I'm glad you mentioned their specific work, because I think a strength of Canada is the fact that we have many Canadians who are personally connected and engaged with so many parts of the world. I have learned a lot about the Rohingya—

10:35 a.m.

Liberal

The Chair Liberal Michael Levitt

You have 30 seconds.

10:35 a.m.

Liberal

Chrystia Freeland Liberal University—Rosedale, ON

—from Canadian Rohingyas.

I'm also really glad—and I'd like to say this to everyone on the committee—that our country and our Parliament were able to acknowledge what has happened to the Rohingya as a genocide. It's a very important step, and I'm glad for us, as a country, that we did it.

10:35 a.m.

Liberal

The Chair Liberal Michael Levitt

Thank you very much.

We will now move to MP O'Toole.

May 28th, 2019 / 10:35 a.m.

Conservative

Erin O'Toole Conservative Durham, ON

Thank you, Mr. Chair.

I'm going to follow up on Monsieur Caron's line of questioning because Saudi Arabia has always been a challenge. There are not common values, but there is often very aligned mutual interests. On August 3 of last year, a tweet in Arabic from the embassy in Riyadh led to a crisis with that country on a diplomatic level. In fact, the outgoing former ambassador, Ambassador Horak, called the tweet “a serious overreaction”. By the end of August, your department was advising of major trade disruptions with that country.

Last fall, throughout September, October and November, SNC-Lavalin met with Michael Wernick, Bill Morneau, Ben Chin, Elder Marques and Mathieu Bouchard. That's quite well known now in Canada. Over that period, the largest company hit by the disruption was SNC-Lavalin. In fact, the CEO said that diplomatic tensions, in his words from that tweet, were “hurting the company's bottom line”, so much so that material statements were made publicly, because it's a publicly traded company. A few months ago, they estimated that the losses attributable to that tweet and the dispute at $1.1 billion for SNC-Lavalin.

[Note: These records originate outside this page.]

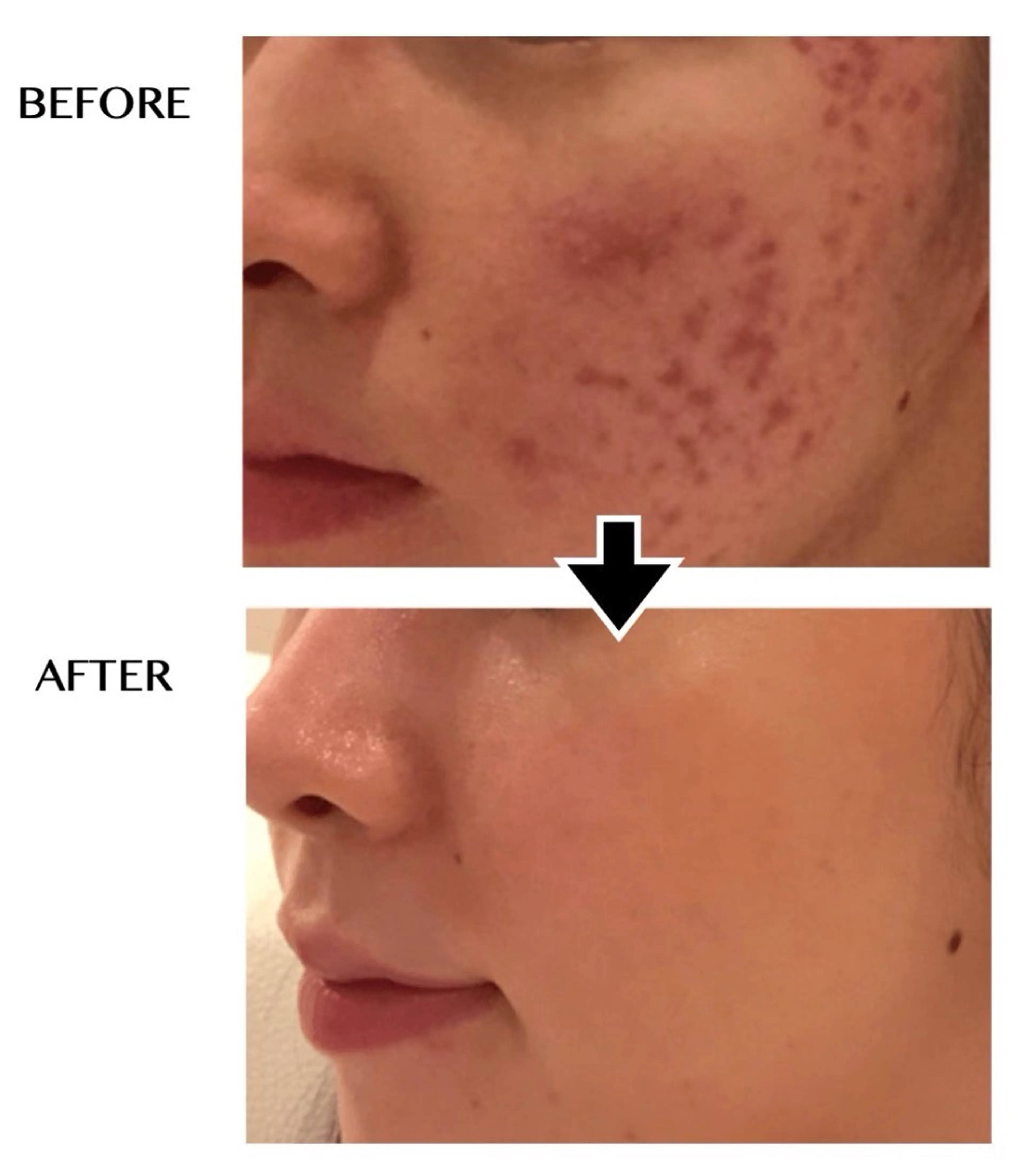 サーマナイフフェイシャル　超肌質改善の写真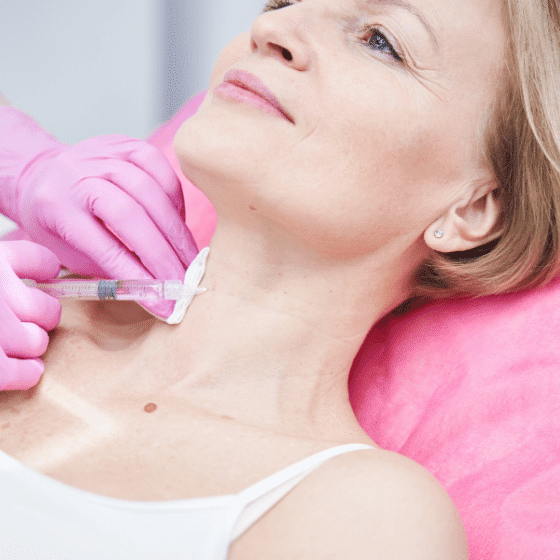 Platysmal Bands Botox 5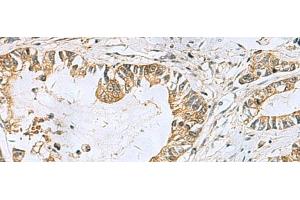 Immunohistochemistry of paraffin-embedded Human gastric cancer tissue using TUBD1 Polyclonal Antibody at dilution of 1:70(x200)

While there were discussions about the DPA with SNC-Lavalin, were you involved in any discussions about the diplomatic dispute that was costing them billions?

10:35 a.m.

Liberal

Chrystia Freeland Liberal University—Rosedale, ON

I was not.

10:35 a.m.

Conservative

Erin O'Toole Conservative Durham, ON

Were any of your officials involved in any discussions with the Prime Minister's Office on relief in one way or another for SNC-Lavalin?

10:35 a.m.

Liberal

Chrystia Freeland Liberal University—Rosedale, ON

Not that I am aware.

10:35 a.m.

Conservative

Erin O'Toole Conservative Durham, ON

Can you undertake to check on that, Minister?

I find it difficult to believe that the situation with Saudi Arabia—not on your part—was not part of the overall discussion last fall on the SNC-Lavalin affair. A diplomatic dispute led to far more losses than a criminal court proceeding and a remediation agreement.

10:35 a.m.

Liberal

Chrystia Freeland Liberal University—Rosedale, ON

You may find it difficult to believe, but it is absolutely the case that the issue was not raised with me by anyone. My own position on the importance of speaking up for human rights is well known, and let me also add, that's the right thing.

I really want to say that our relationship with Saudi Arabia is long-standing and has many different elements, and that is a relationship which is ongoing. Having said that, particularly today, when human rights are under attack in so many parts of the world, when fewer countries are prepared to raise their voice and speak up for human rights, I strongly believe that is something Canada needs to do. We need to speak out for human rights activists who are under pressure, including women activists. That is something we have done and we will continue to do. I strongly believe that is something Canadians think is the right thing and they support.